Beginning with the first line below, output every record verbatim and leave out the images.

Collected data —
____

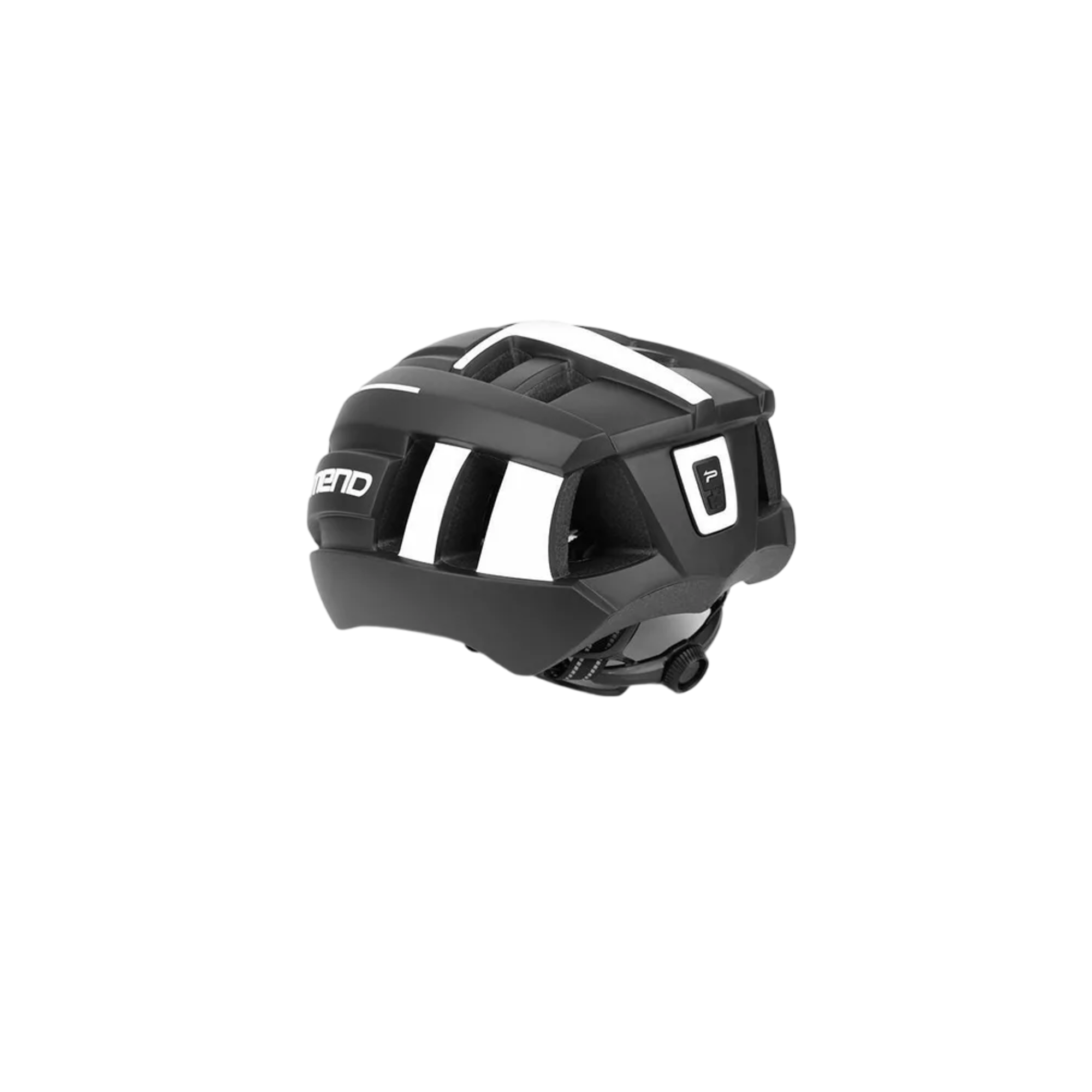 Casco De Bicicleta Ajustable Con Gafas De Sol Y Luz D/alerta Negro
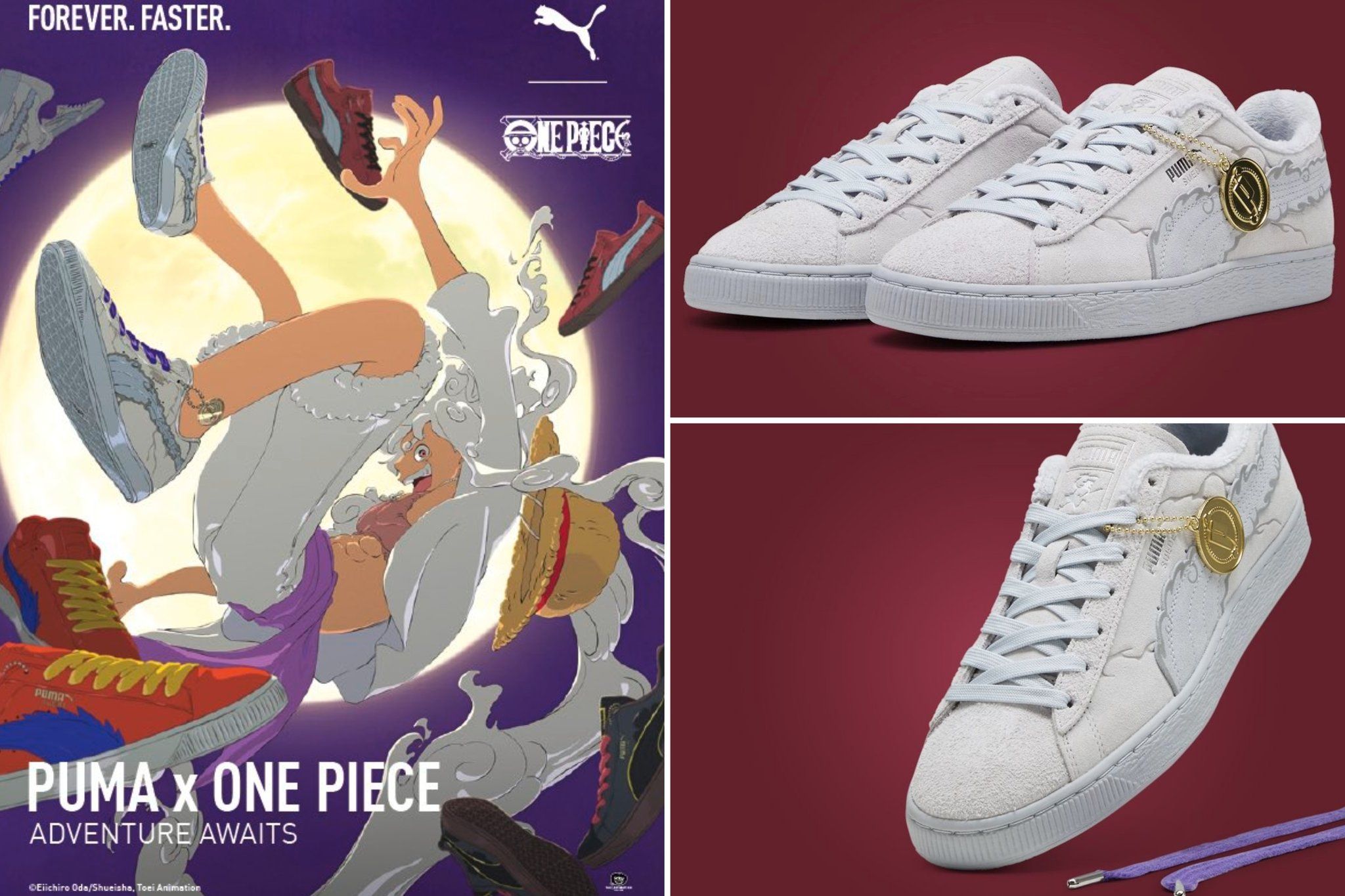 Pengen Banget Punya Sepatu Puma x One Piece? Ini Info Harga dan Desain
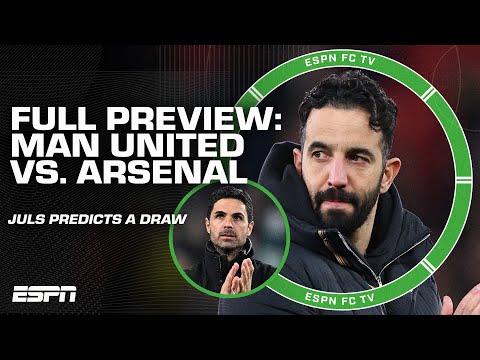 Man United have done 'VERY WELL' in top games - Juls predicts a DRAW vs. Arsenal | ESPN FC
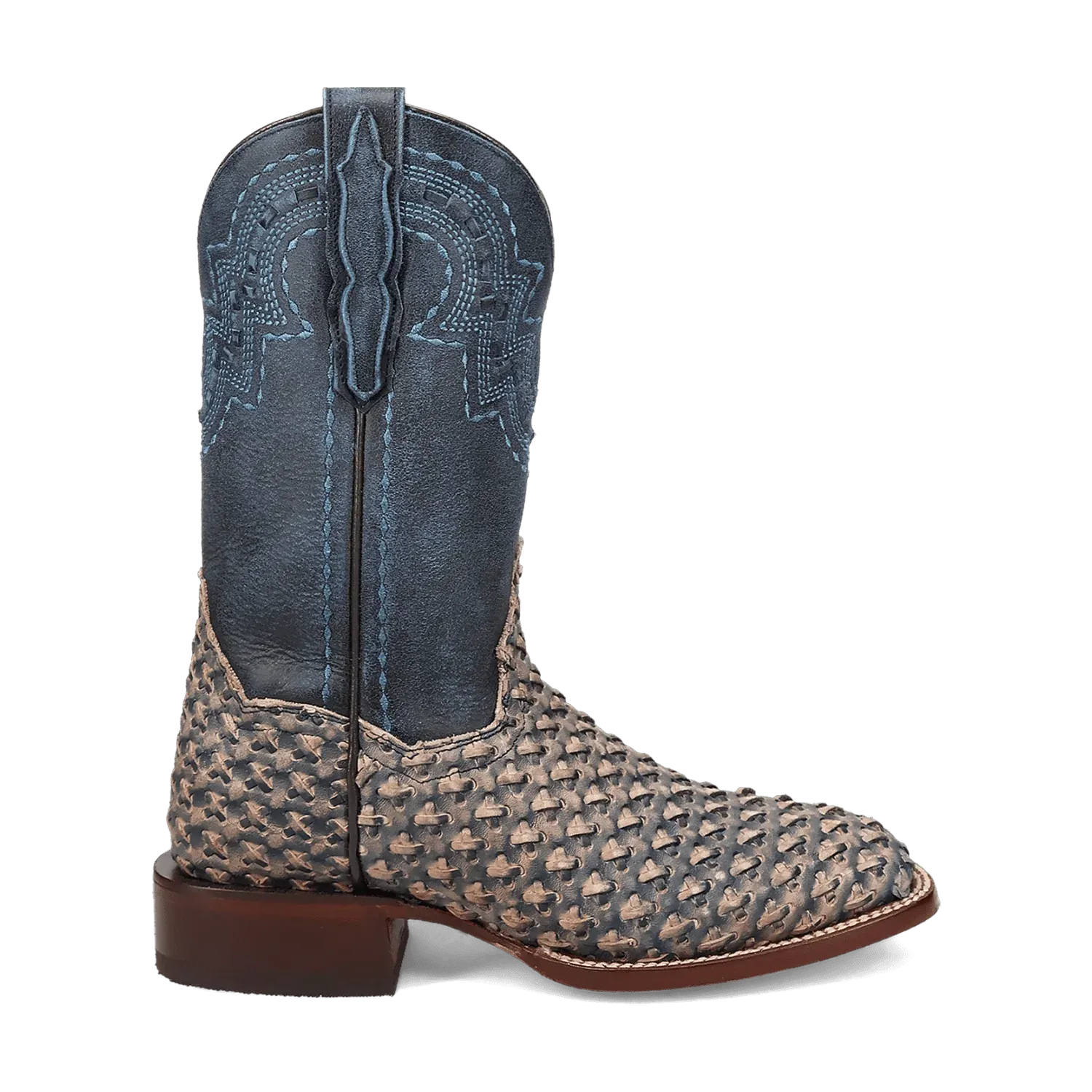 Women's Dan Post Blue Weave Indy Boot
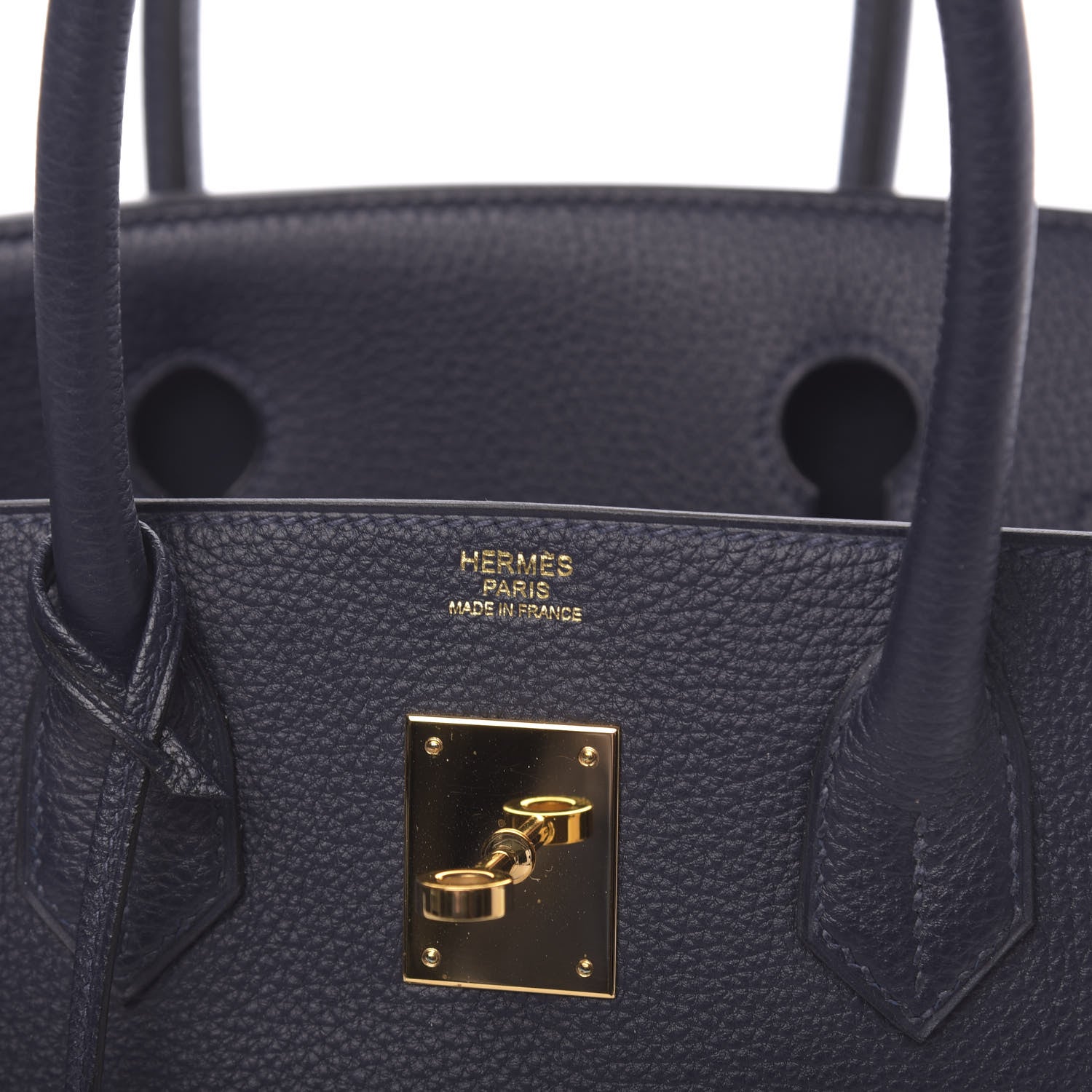 Hermes Togo Birkin 30 Bleu Nuit 6 of 11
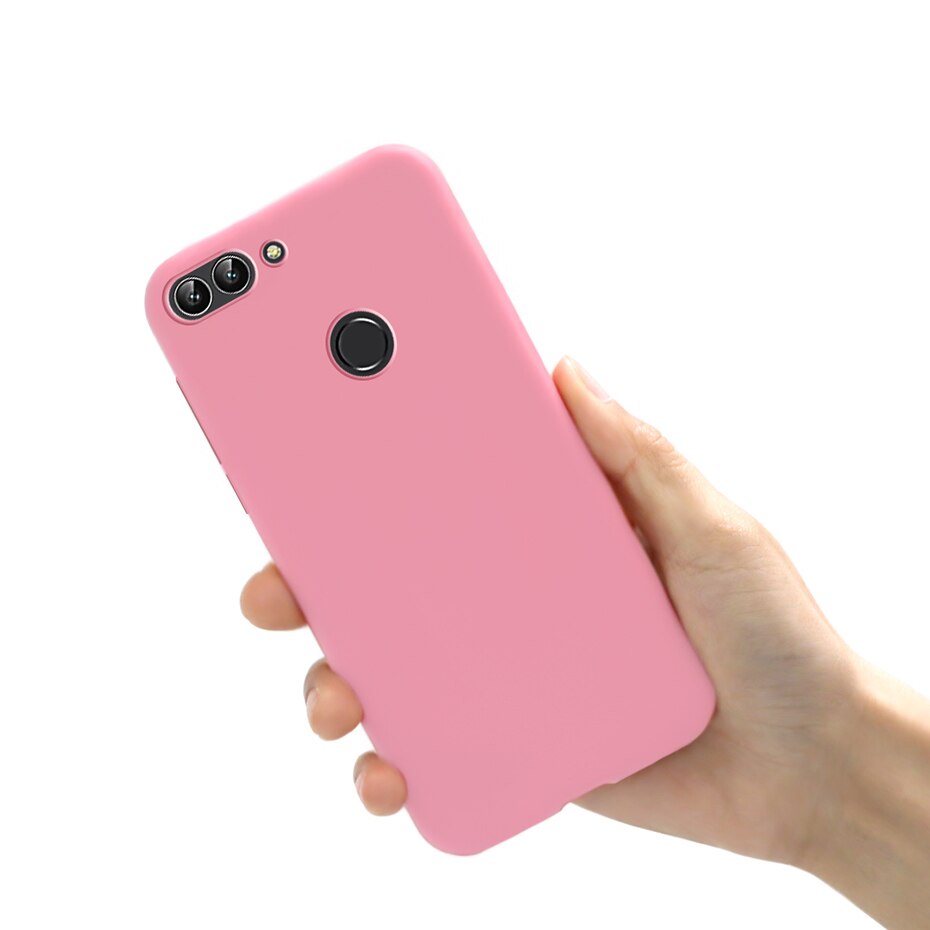 For Huawei P Smart Cases Silicone Soft TPU Back Cover For Funda Huawei P smart Case Cover Coque FIG-LX1 Psmart Phone Case: Pink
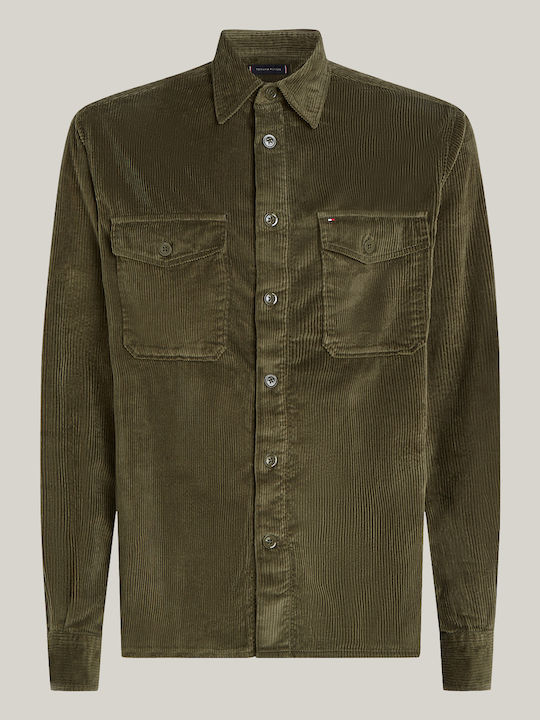 Tommy Hilfiger Overshirt Corduroy Shirt Khaki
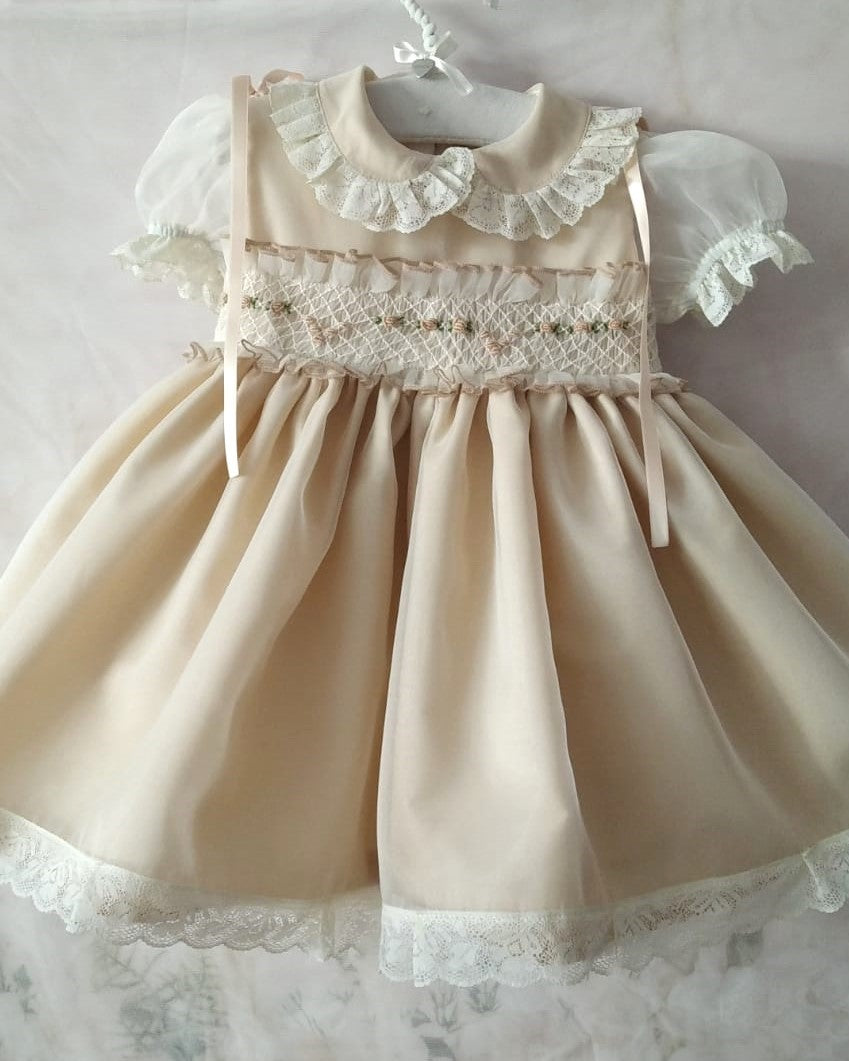 SONATA PREORDER (4-6wk turnaround) - Mocha organza smock VE23-01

____

RESPONSE —
 Casco De Bicicleta Ajustable Con Gafas De Sol Y Luz D/alerta Negro
 Pengen Banget Punya Sepatu Puma x One Piece? Ini Info Harga dan Desain
 Man United have done 'VERY WELL' in top games - Juls predicts a DRAW vs. Arsenal | ESPN FC
 Women's Dan Post Blue Weave Indy Boot
 Hermes Togo Birkin 30 Bleu Nuit 6 of 11
 For Huawei P Smart Cases Silicone Soft TPU Back Cover For Funda Huawei P smart Case Cover Coque FIG-LX1 Psmart Phone Case: Pink
 Tommy Hilfiger Overshirt Corduroy Shirt Khaki
 SONATA PREORDER (4-6wk turnaround) - Mocha organza smock VE23-01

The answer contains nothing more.